Copy the records below exactly, but leave out any picture they contain.
(Supplied entries)
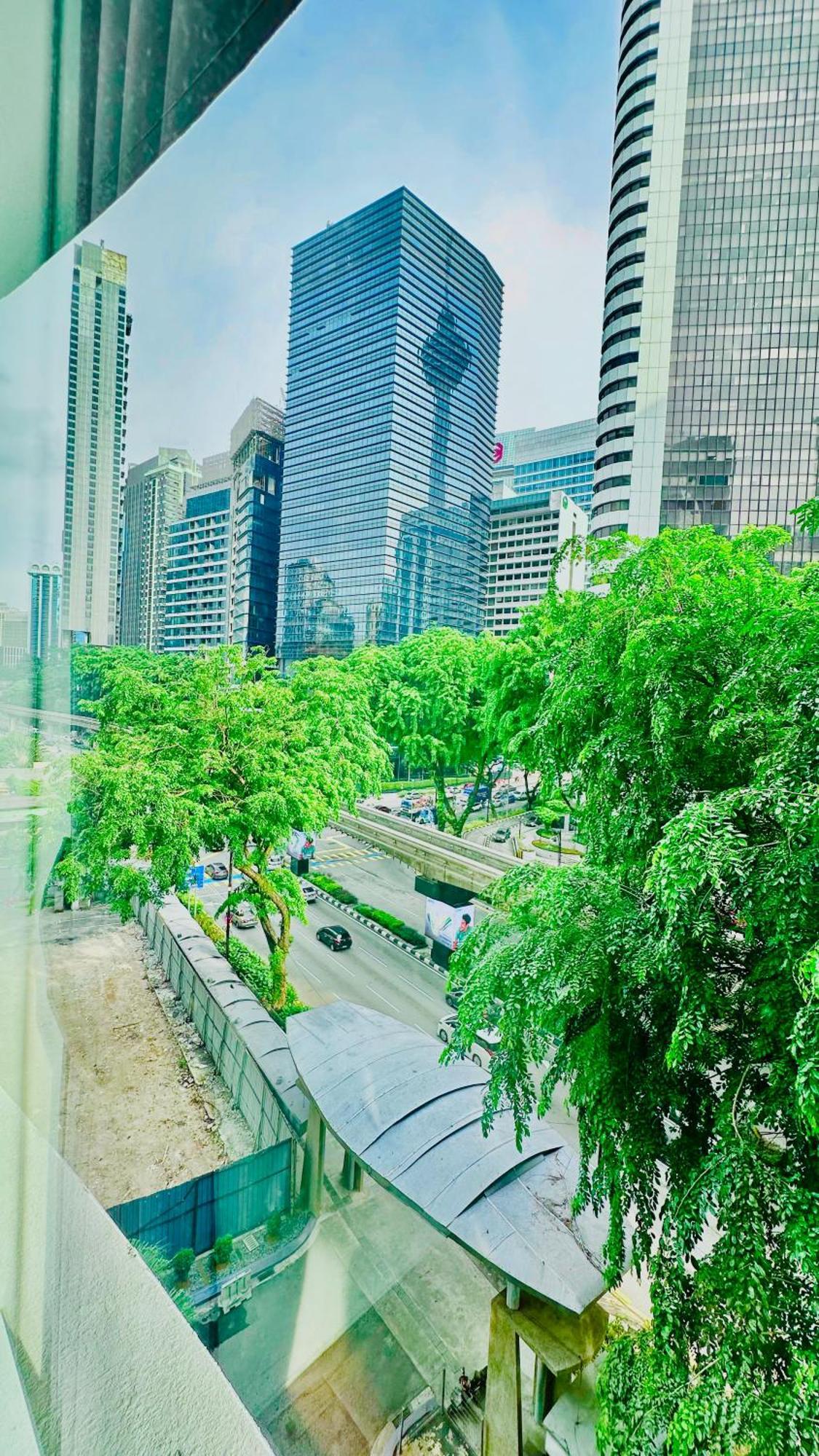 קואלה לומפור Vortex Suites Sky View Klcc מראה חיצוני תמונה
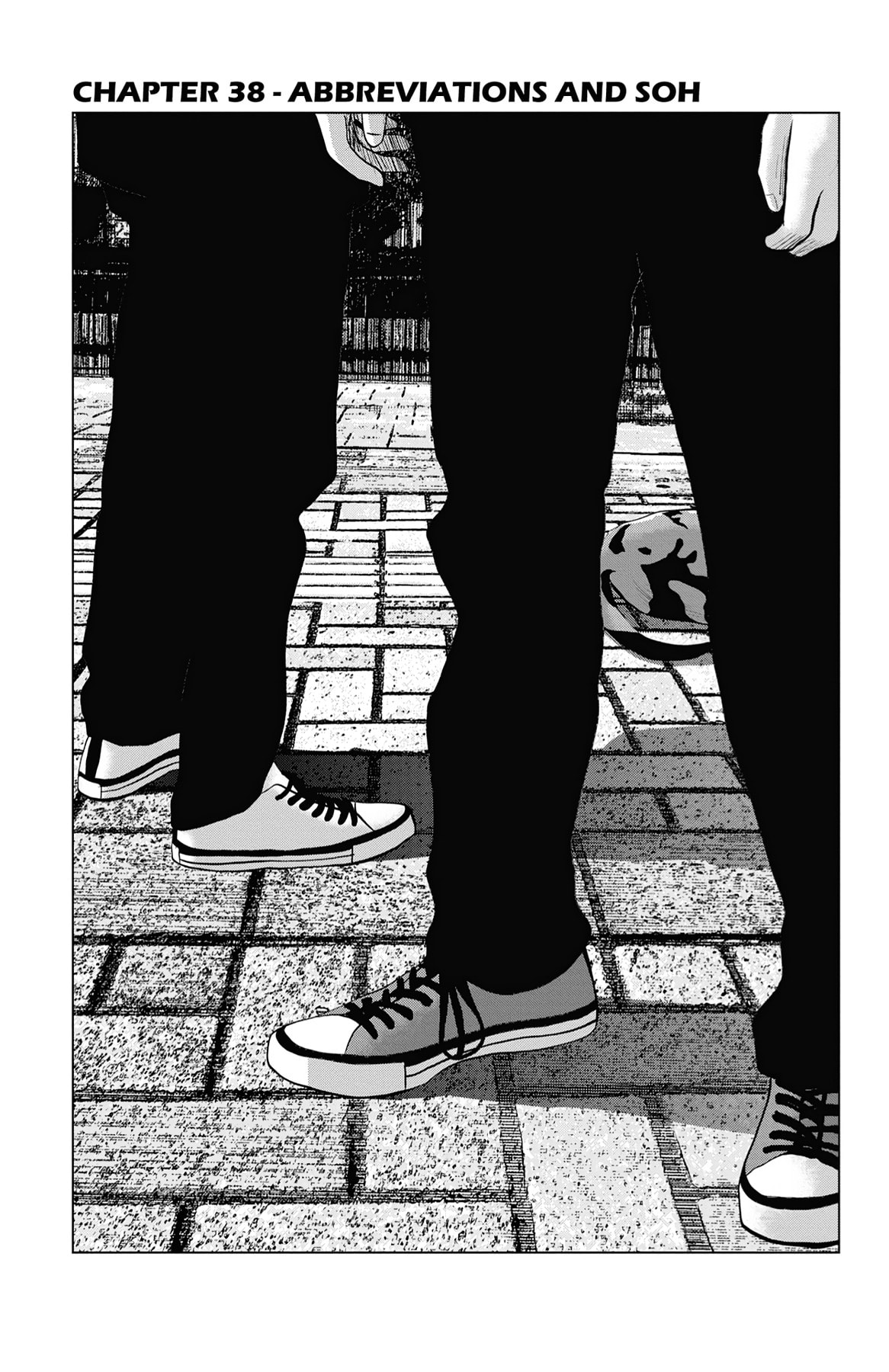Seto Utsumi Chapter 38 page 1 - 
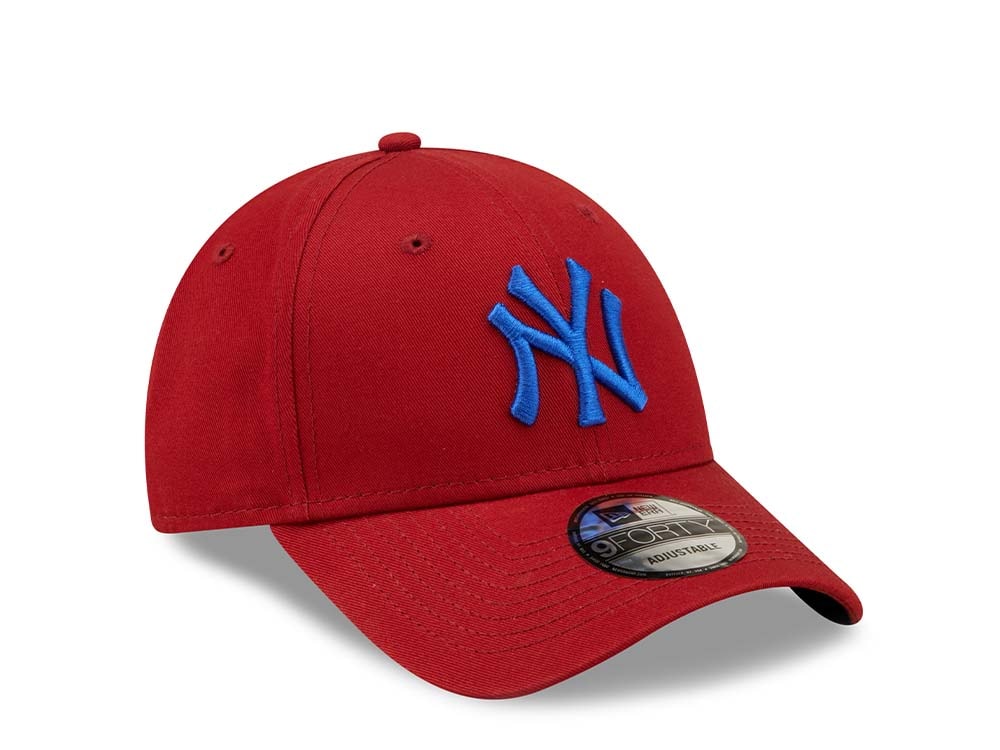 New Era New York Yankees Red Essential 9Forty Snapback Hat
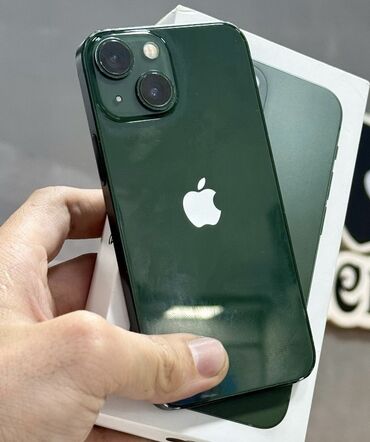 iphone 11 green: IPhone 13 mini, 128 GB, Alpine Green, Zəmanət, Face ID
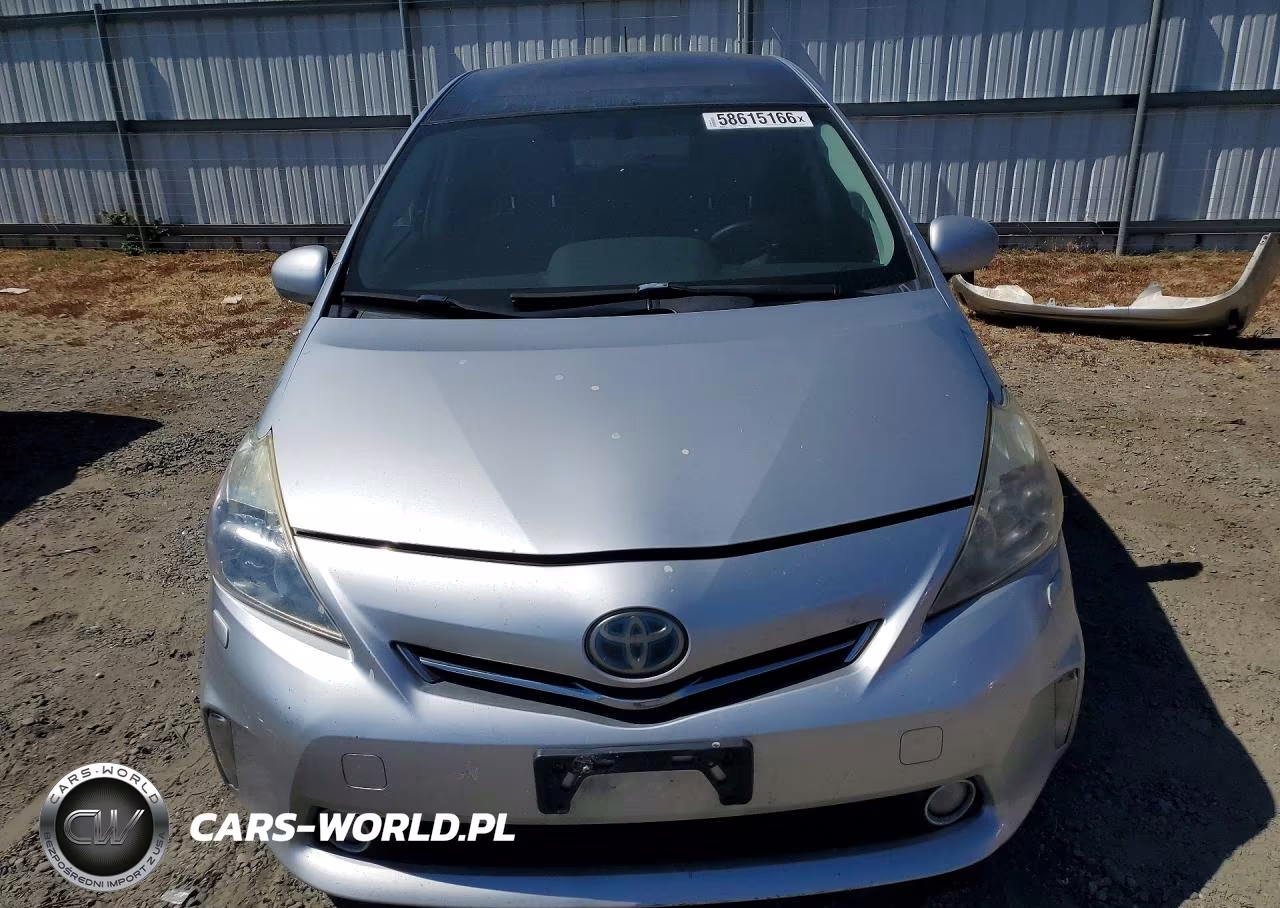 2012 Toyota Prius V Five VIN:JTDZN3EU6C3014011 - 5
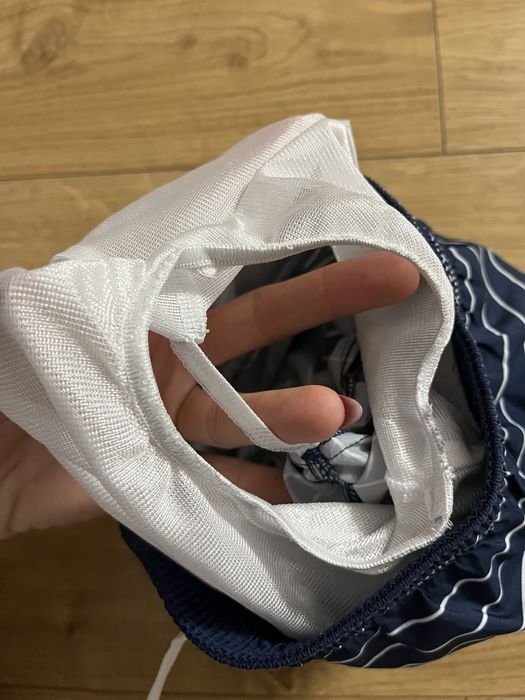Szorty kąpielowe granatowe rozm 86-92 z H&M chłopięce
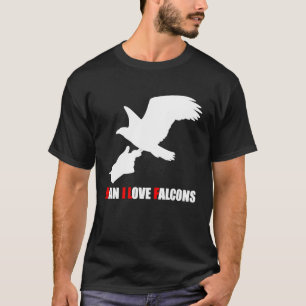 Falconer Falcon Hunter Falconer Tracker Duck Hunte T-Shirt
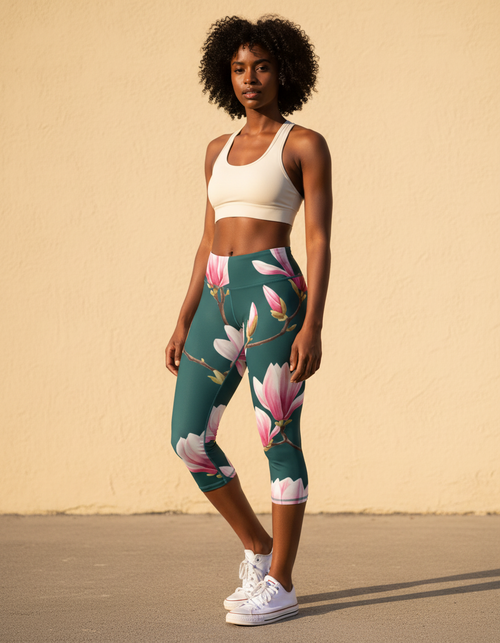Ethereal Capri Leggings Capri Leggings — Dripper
(End Supplied entries)
* [Answer for this exercise]
 קואלה לומפור Vortex Suites Sky View Klcc מראה חיצוני תמונה
Seto Utsumi Chapter 38 page 1 - 
 New Era New York Yankees Red Essential 9Forty Snapback Hat
 iphone 11 green: IPhone 13 mini, 128 GB, Alpine Green, Zəmanət, Face ID
 2012 Toyota Prius V Five VIN:JTDZN3EU6C3014011 - 5
Szorty kąpielowe granatowe rozm 86-92 z H&M chłopięce
 Falconer Falcon Hunter Falconer Tracker Duck Hunte T-Shirt
Ethereal Capri Leggings Capri Leggings — Dripper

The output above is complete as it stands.